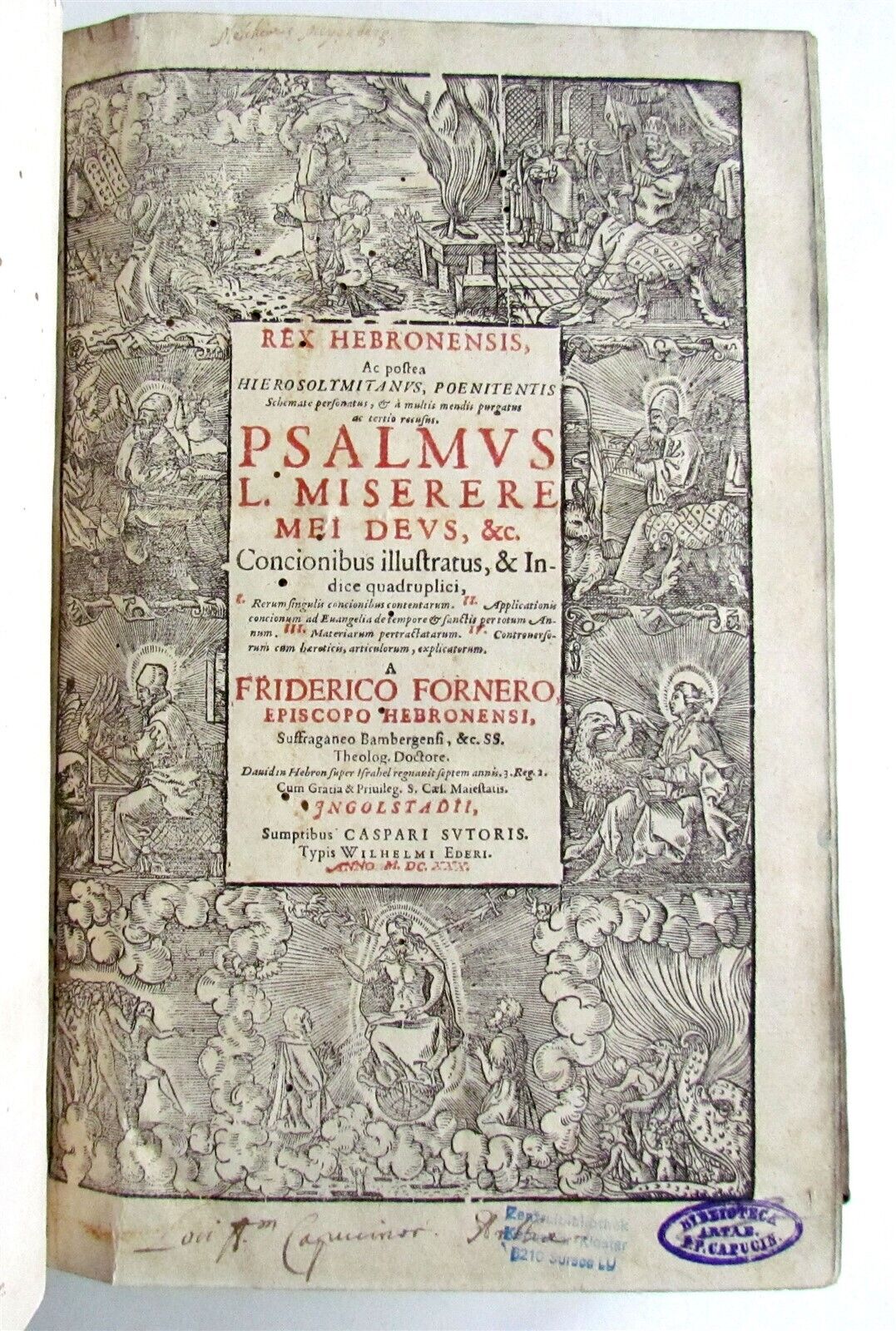 1630 Friedrich Forner antique PIGSKIN FOLIO Rex Hebronensis Psalmus Miserere Mei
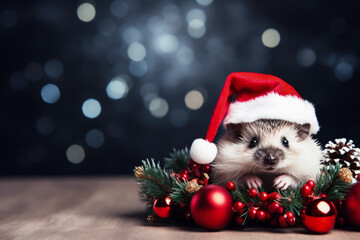 Christmas hedgehog dons tiny reindeer antlers background with empty space for text 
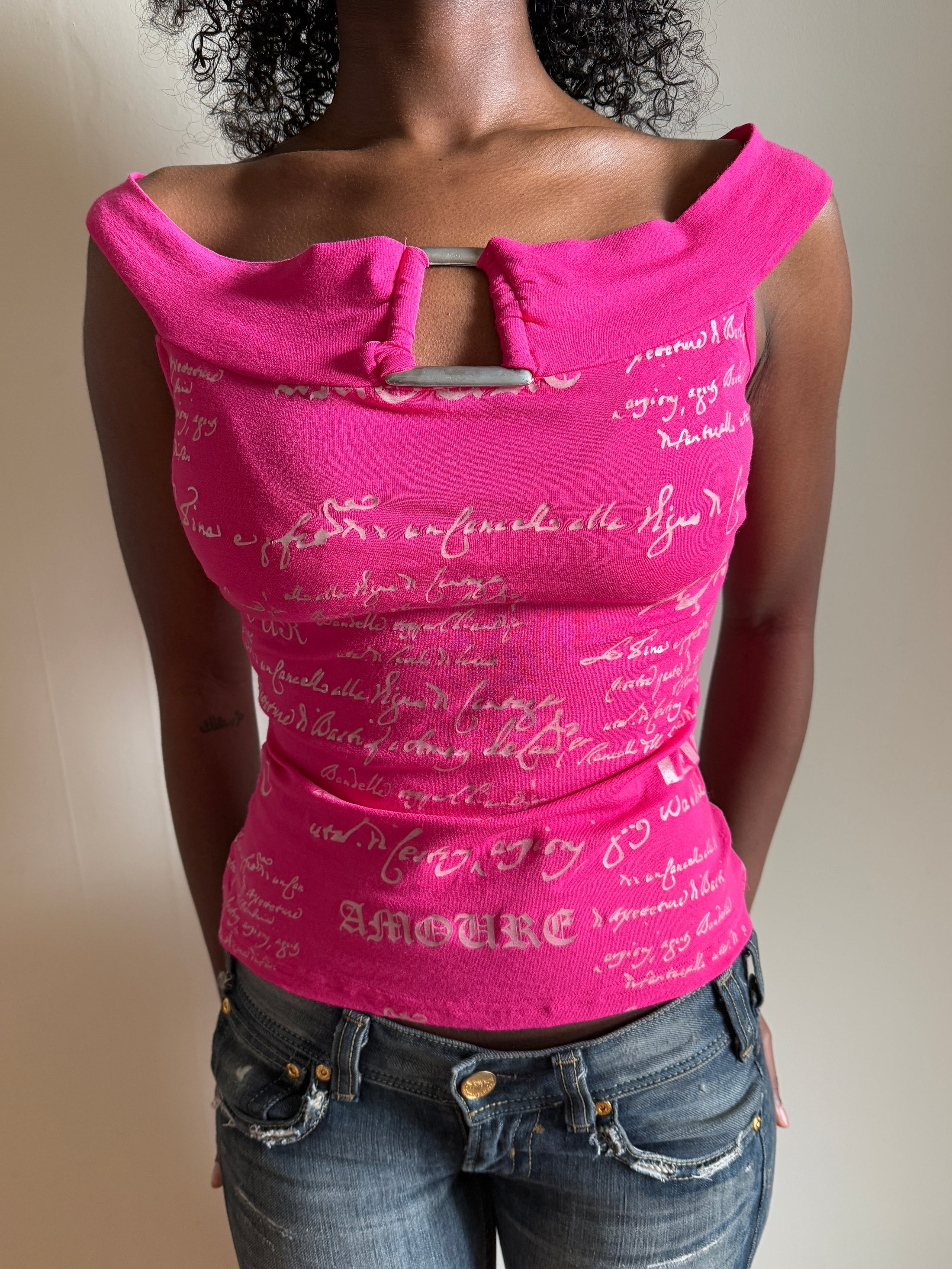 00's Ole hot pink graphic tank w metal ring detail  • Size S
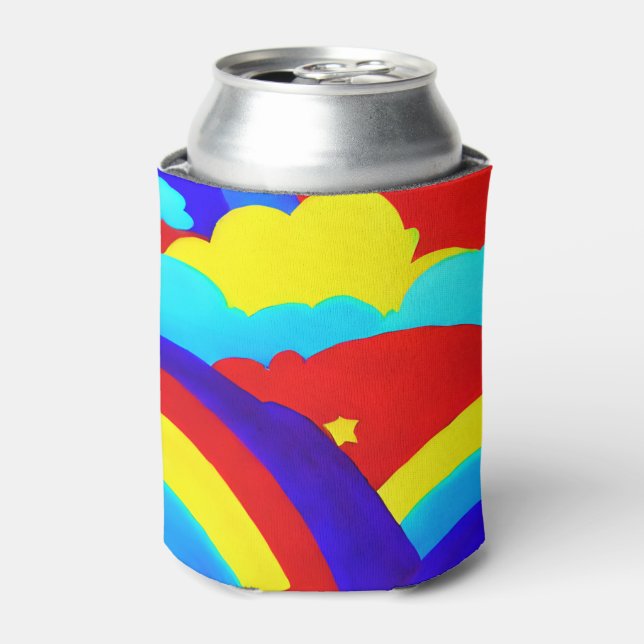Colorful Rainbow Clouds Kids Pattern Can Cooler (Can Front)
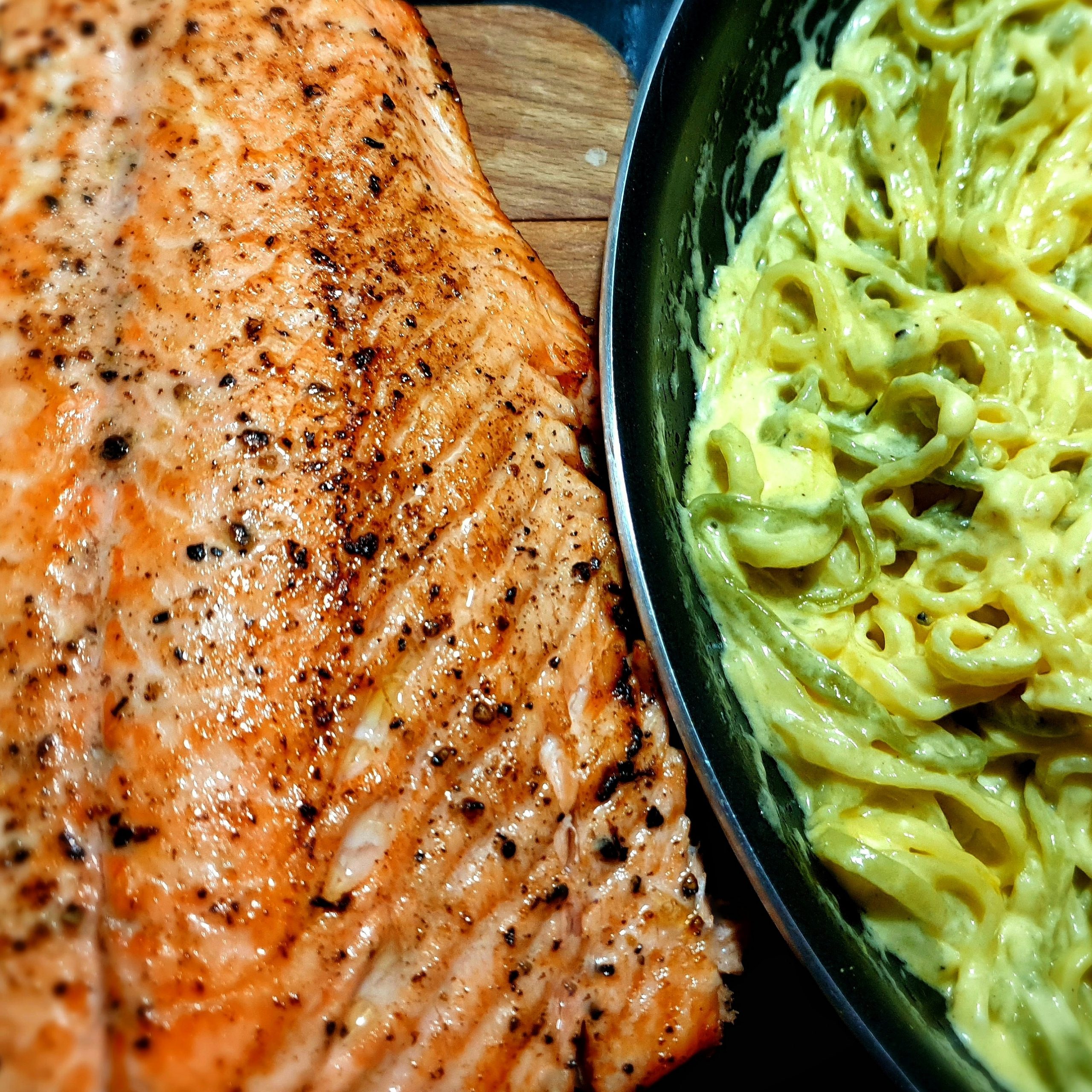 Salmon and lemon linguine pasta recipe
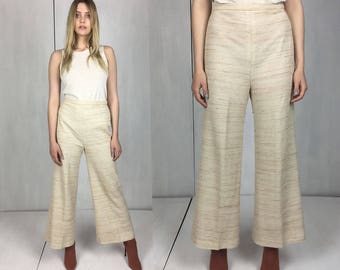 Cream 70s High Waist Wide Leg Pant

====

About this exercise
Copy out exactly the lines between the line that contains "Christmas hedgehog dons" and the last line of the records, both ends included; leave out every picture.

Answer box
 Christmas hedgehog dons tiny reindeer antlers background with empty space for text 
 00's Ole hot pink graphic tank w metal ring detail  • Size S
Colorful Rainbow Clouds Kids Pattern Can Cooler (Can Front)
 Salmon and lemon linguine pasta recipe
 Cream 70s High Waist Wide Leg Pant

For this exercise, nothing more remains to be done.